[Dataset entries]

· · · · ·

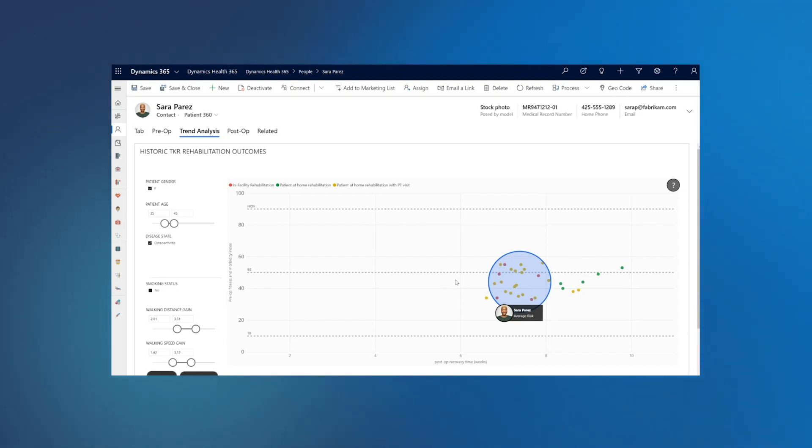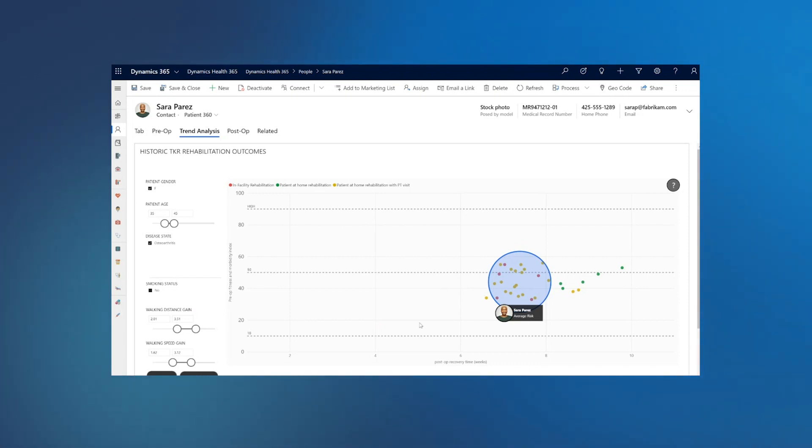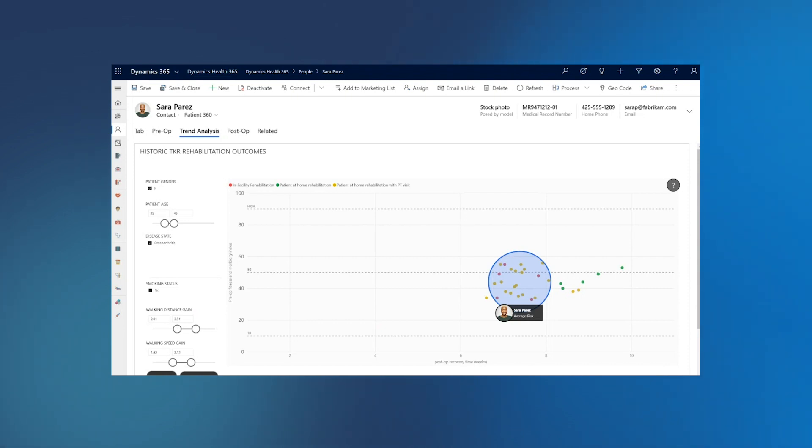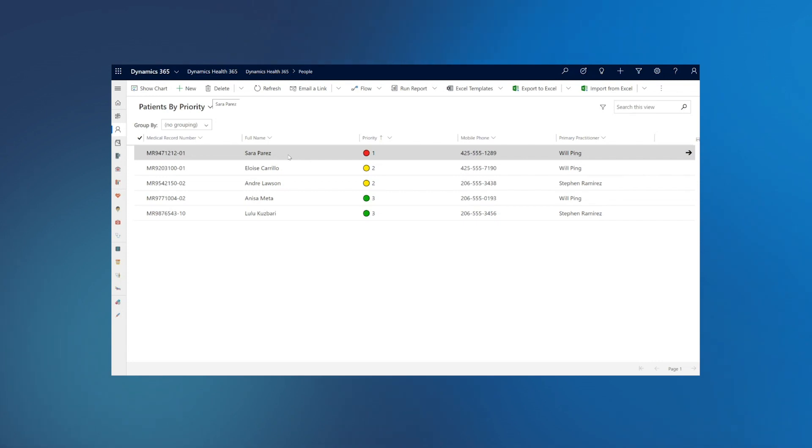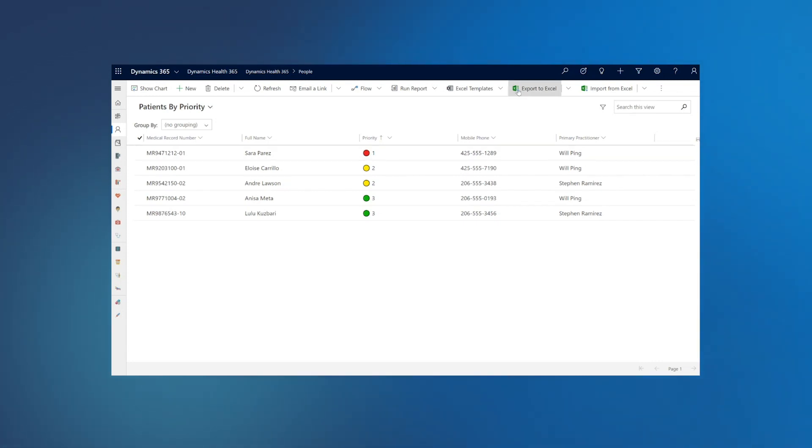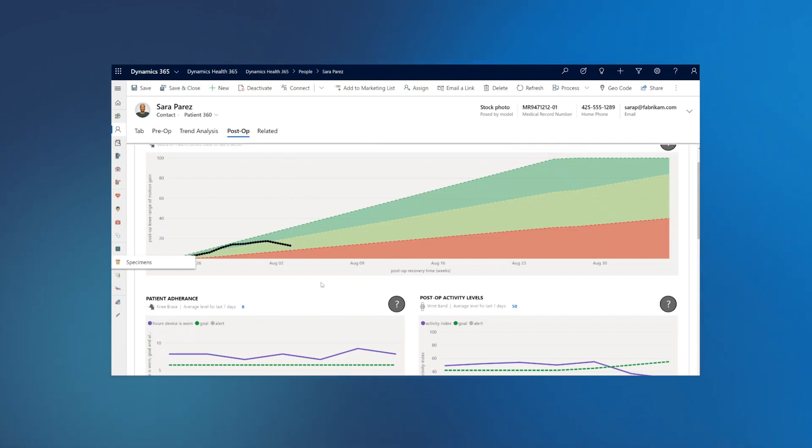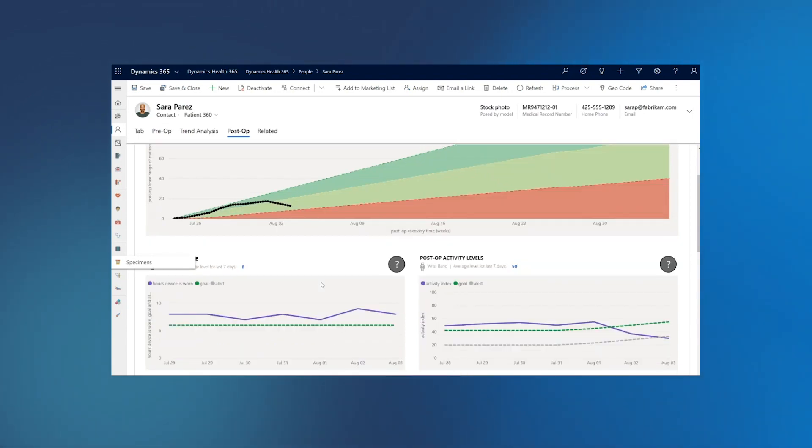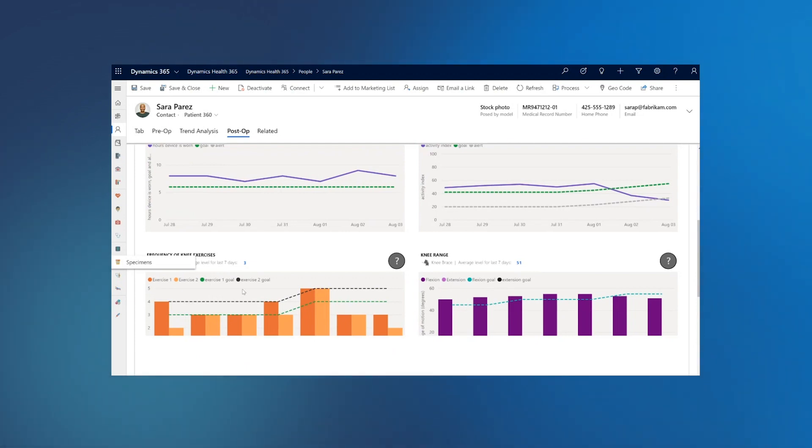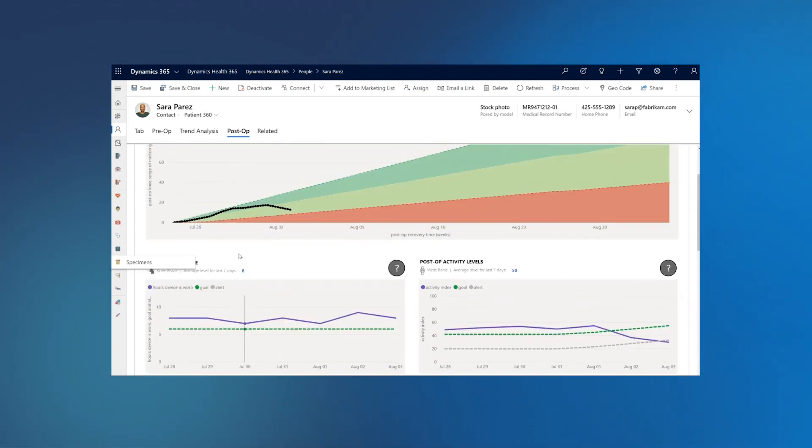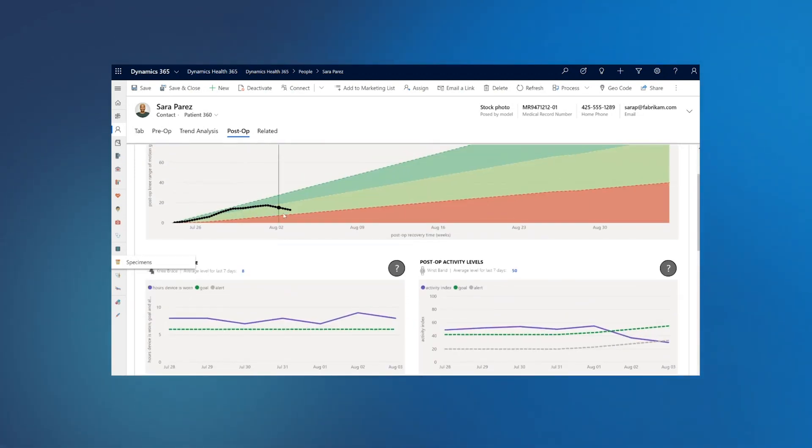Now the data starts flowing in real time in this system and the system also provides notification capability if Sarah needs attention. This is an example where care team can get notification if Sarah is not following her regimen or needs attention. And care team can go and look at her data. The care team can see her extension and flexion data as compared to the goal, can see her exercise level data, and indeed Sarah is not following her trajectory path.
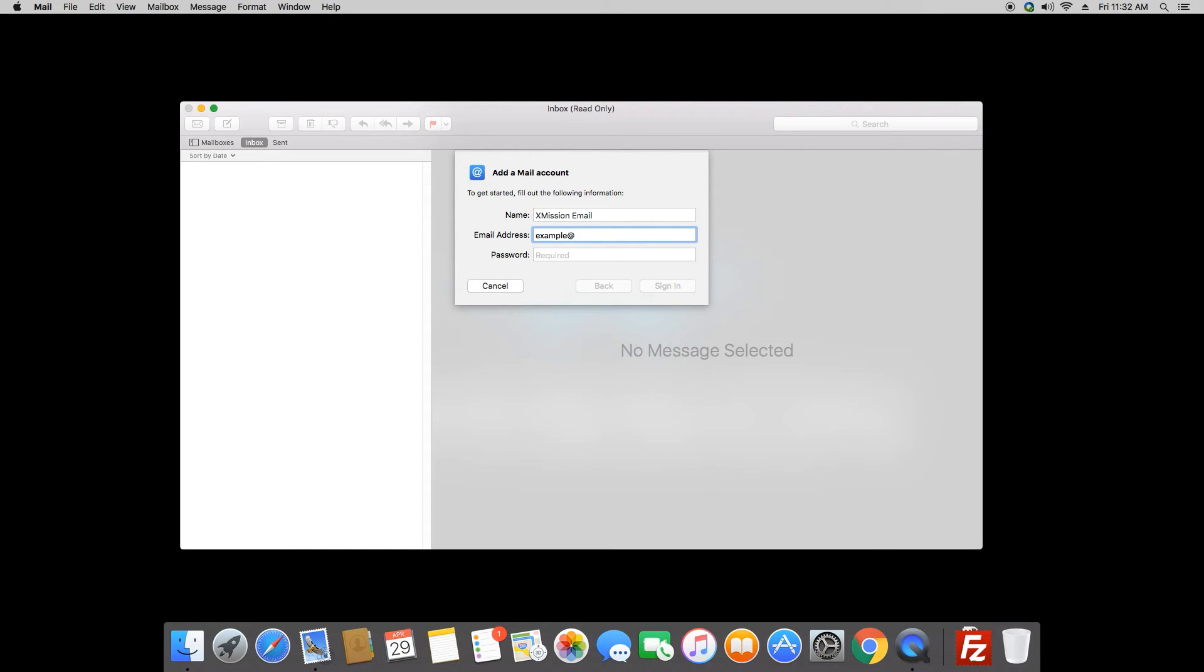Next, we'll put in your email address. And then we'll put in your password. And once you have all these boxes filled in, click where it says sign in.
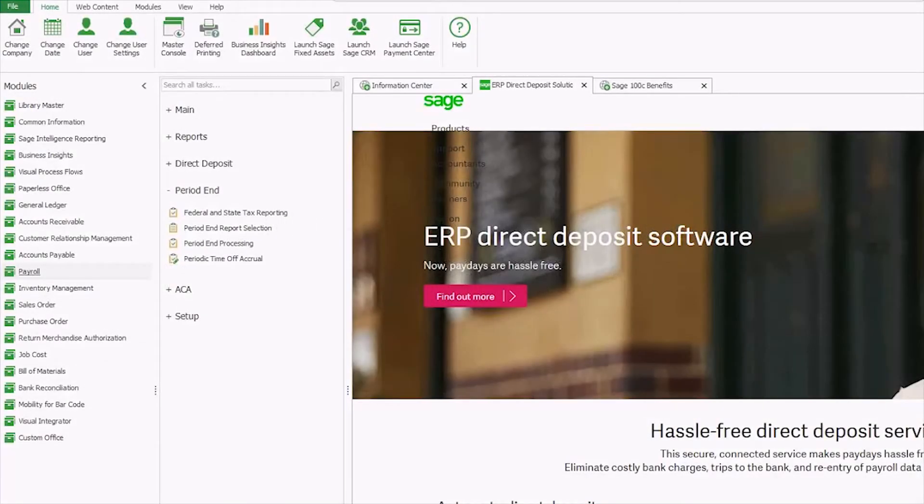Hey everybody, Michelle here with iBailey Technology Consulting and it's that magical time of year again, time to file your quarterly 941.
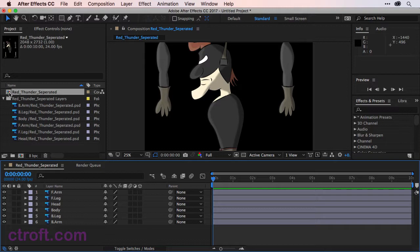However, for this course, we won't be dealing with the individual layers. We're going to create another composition for the walk cycle and then start adding our pins. And that is what we'll be tackling in the next video.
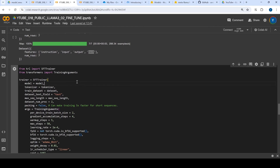Here is the code that we are using for SFT Trainer from the library called TRL. Basically, what we are going to do is provide some parameters and provide the dataset which we are going to use. This is a seven-example dataset, and it expects this column to be there, and it's going to start training.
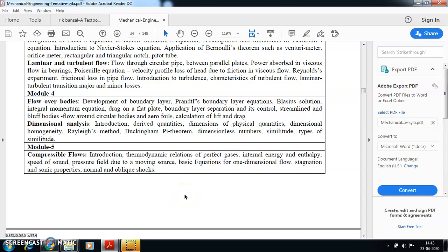Hi students, today is 23rd of April and we will start with the new module, module 4. In module 4 you have actually two important topics: one is flow over bodies, which deals with many equations like the Prandtl equation, boundary layer conditions, what is drag, what is lift — all those concepts come into one part of module 4. On the other part you have a very simple and easy concept of dimensional analysis.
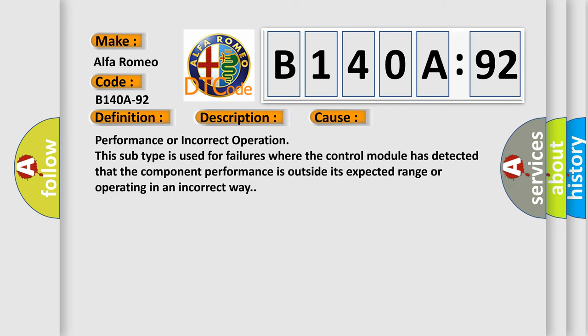This diagnostic error occurs most often in these cases: Performance or incorrect operation. This subtype is used for failures where the control module has detected that the component performance is outside its expected range or operating in an incorrect way.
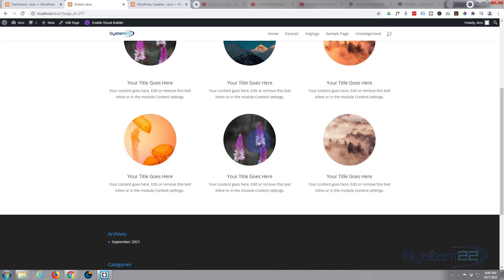So there you go guys — that's how to turn your blurb images into round images and add a simple hover effect. I hope you've enjoyed this today and found it useful. If you have, please give it a thumbs up, ring the bell, comment, share, and subscribe to our YouTube channel. Once again this has been Jamie with System22 and webdesignandtechtips.com — thanks for watching, have a great day!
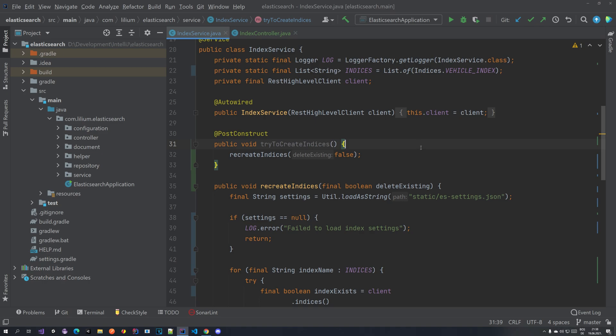Hello everyone, welcome back to our Elasticsearch tutorial series. In the previous two videos we showed two different ways to create an index, but we did not address how we can recreate it. As an intro to this video, we're going to demonstrate how to recreate the index, and then we're going to build some queries.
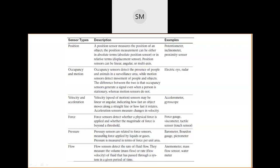Pressure sensors are related to force sensors but measure the force applied by liquids or gases - such as dam water, chemicals, or gas. Pressure is measured in terms of force per unit area. Examples include barometers, barometer gauges, and piezometers. Flow sensors detect the rate of fluid flow - measuring the volume or rate of fluid that has passed through a system in a given period of time.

· · · · ·

What the task requires — Give back exactly the lines above from the one with "Here is the" through the one with "This diagnostic error", both included. Pictures don't belong in the copy.

Reply to the task —
Here is the code that we are using for SFT Trainer from the library called TRL. Basically, what we are going to do is provide some parameters and provide the dataset which we are going to use. This is a seven-example dataset, and it expects this column to be there, and it's going to start training.
Hi students, today is 23rd of April and we will start with the new module, module 4. In module 4 you have actually two important topics: one is flow over bodies, which deals with many equations like the Prandtl equation, boundary layer conditions, what is drag, what is lift — all those concepts come into one part of module 4. On the other part you have a very simple and easy concept of dimensional analysis.
This diagnostic error occurs most often in these cases: Performance or incorrect operation. This subtype is used for failures where the control module has detected that the component performance is outside its expected range or operating in an incorrect way.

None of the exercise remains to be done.